THE PROBLEM.
All the entries need to be quoted exactly, apart from the pictures, which you should drop.

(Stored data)
[Start of section]

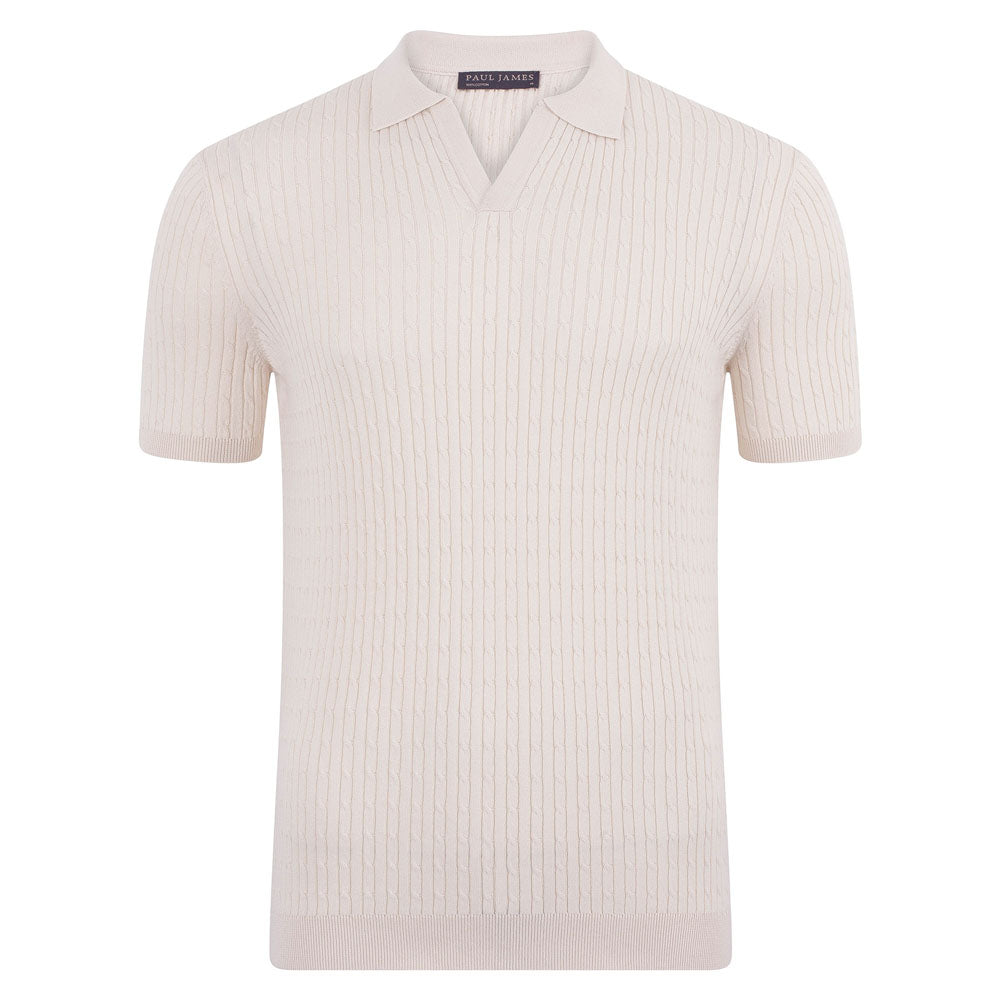 White Mens Lightweight Cotton Alessi Cable Buttonless Polo Shirt - Ecru Small Paul James Knitwear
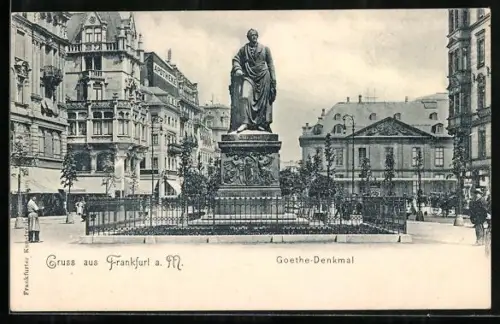 AK Frankfurt a. M., Goethe-Denkmal
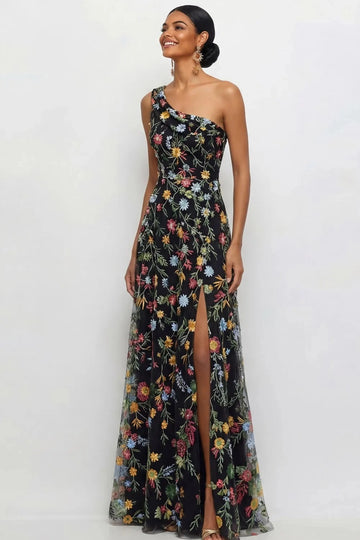 Chic A Line One Shoulder Floral Embroidered Slit Floor Length Wedding Guest Dress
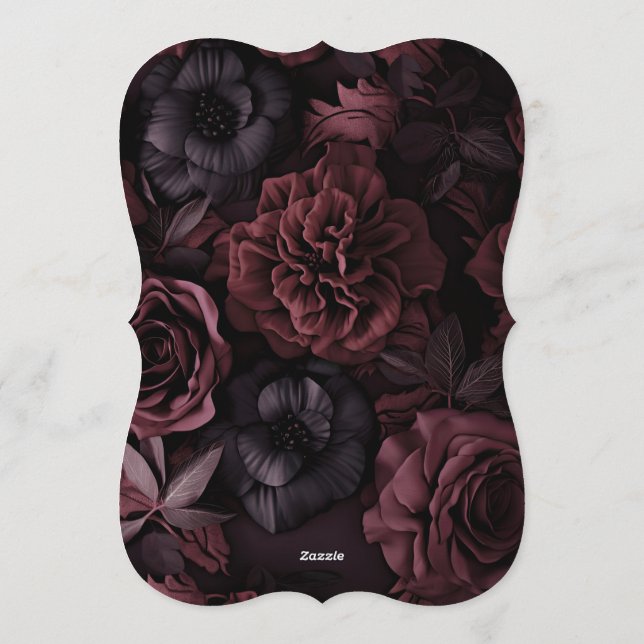 Gothic Aurelian Nightfall Wedding Invitation (Back)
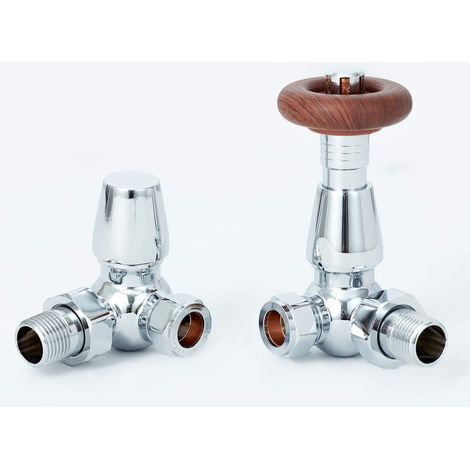 Oxford Traditional Chrome Corner Thermostatic TRV Radiator Valve 1/2 - 15mm central heating Column, panel, flat tube, designer rads (1/3)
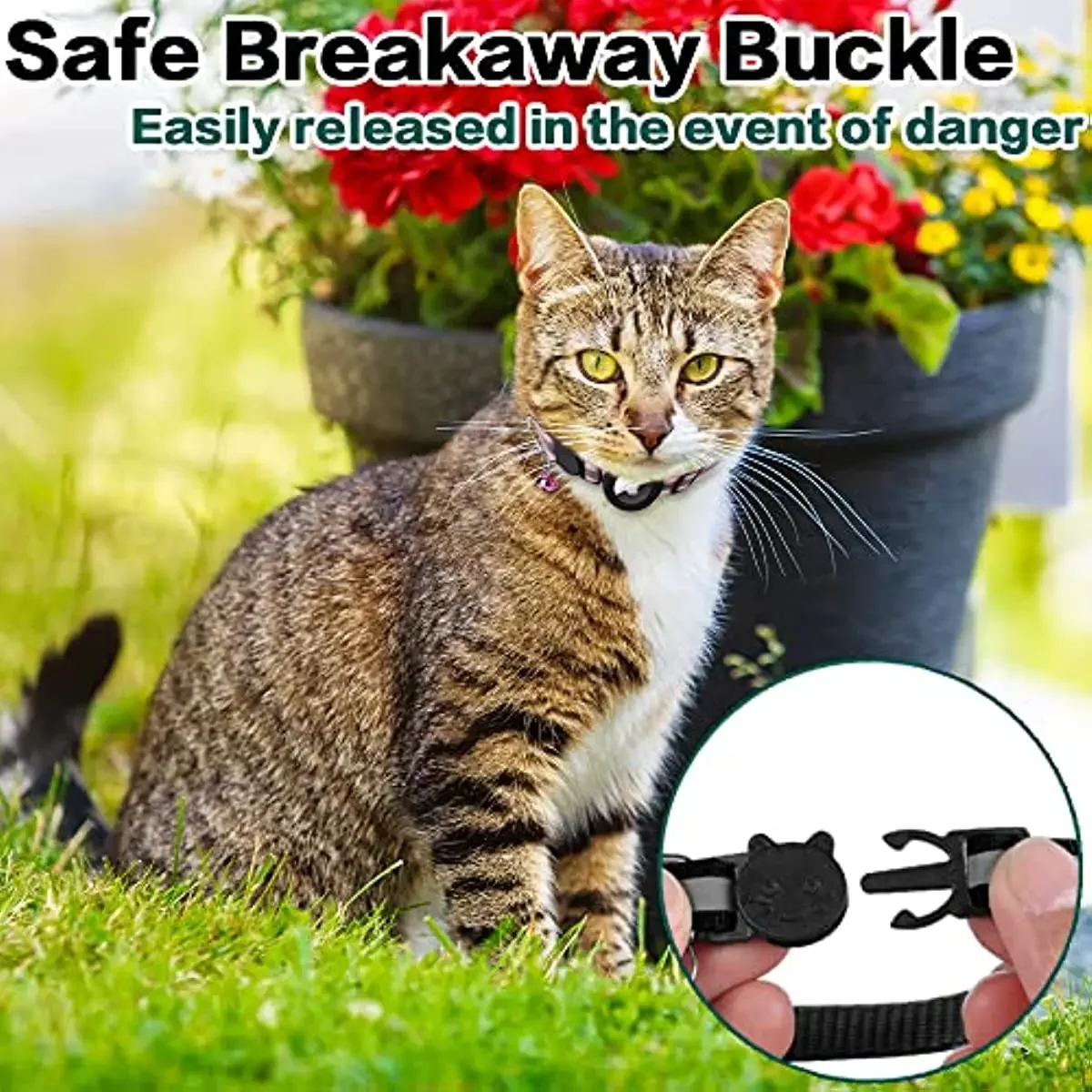 Reflective Breakaway Airtag Cat Collar 0.4Inch Adjustable with Holder Bell for Kitten Small Cat Daily Use Without Locator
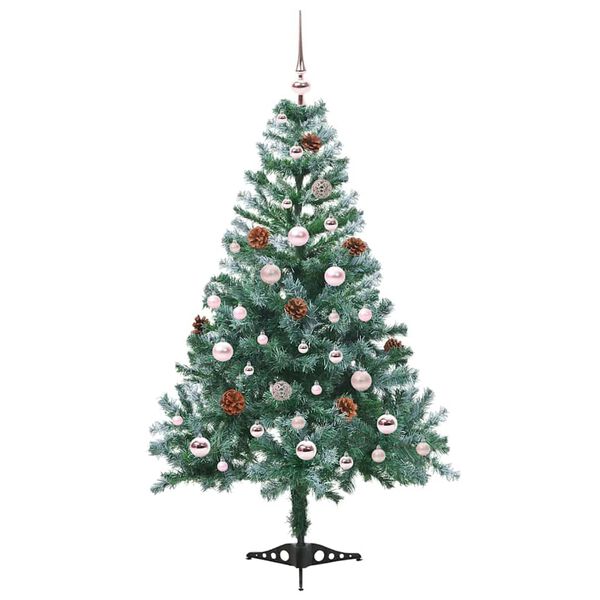 vidaXL Artificial Christmas Tree with Stand Green 150 cm PVC and Steel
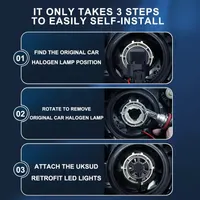 Автолампи LED H7 80W 10000Lm (2 шт), 6500K Холодне біле, IP68, Mini Size — фото 8
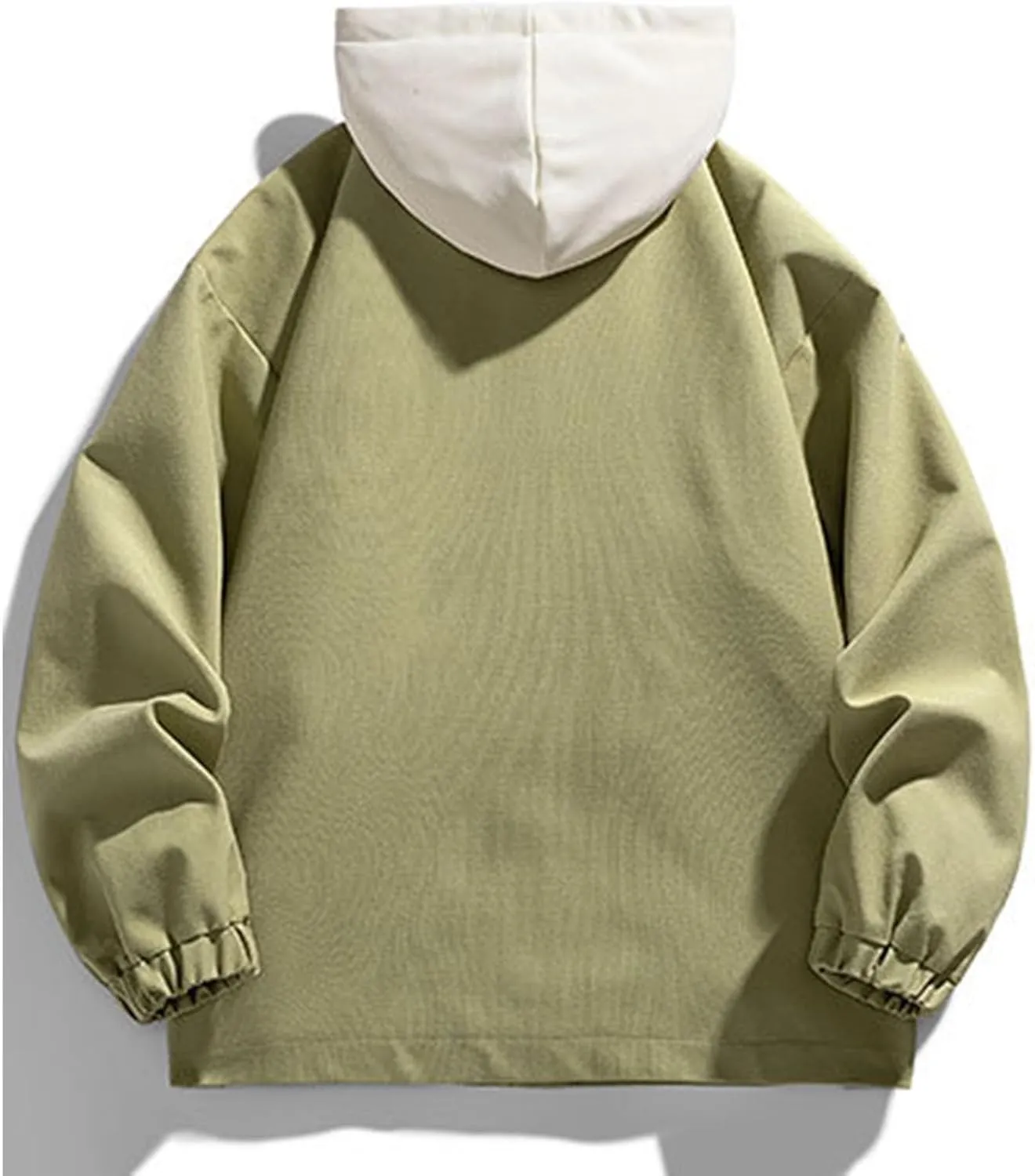 Mens Oversized Hoodie Fashion Color Block Drawstring Hooded Jackets Plus Size Loose Warm Pullover Coats with Pockets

[End of section]

FINAL ANSWER.
 White Mens Lightweight Cotton Alessi Cable Buttonless Polo Shirt - Ecru Small Paul James Knitwear
 AK Frankfurt a. M., Goethe-Denkmal
 Chic A Line One Shoulder Floral Embroidered Slit Floor Length Wedding Guest Dress
 Gothic Aurelian Nightfall Wedding Invitation (Back)
 Oxford Traditional Chrome Corner Thermostatic TRV Radiator Valve 1/2 - 15mm central heating Column, panel, flat tube, designer rads (1/3)
 Reflective Breakaway Airtag Cat Collar 0.4Inch Adjustable with Holder Bell for Kitten Small Cat Daily Use Without Locator
 vidaXL Artificial Christmas Tree with Stand Green 150 cm PVC and Steel
 Автолампи LED H7 80W 10000Lm (2 шт), 6500K Холодне біле, IP68, Mini Size — фото 8
 Mens Oversized Hoodie Fashion Color Block Drawstring Hooded Jackets Plus Size Loose Warm Pullover Coats with Pockets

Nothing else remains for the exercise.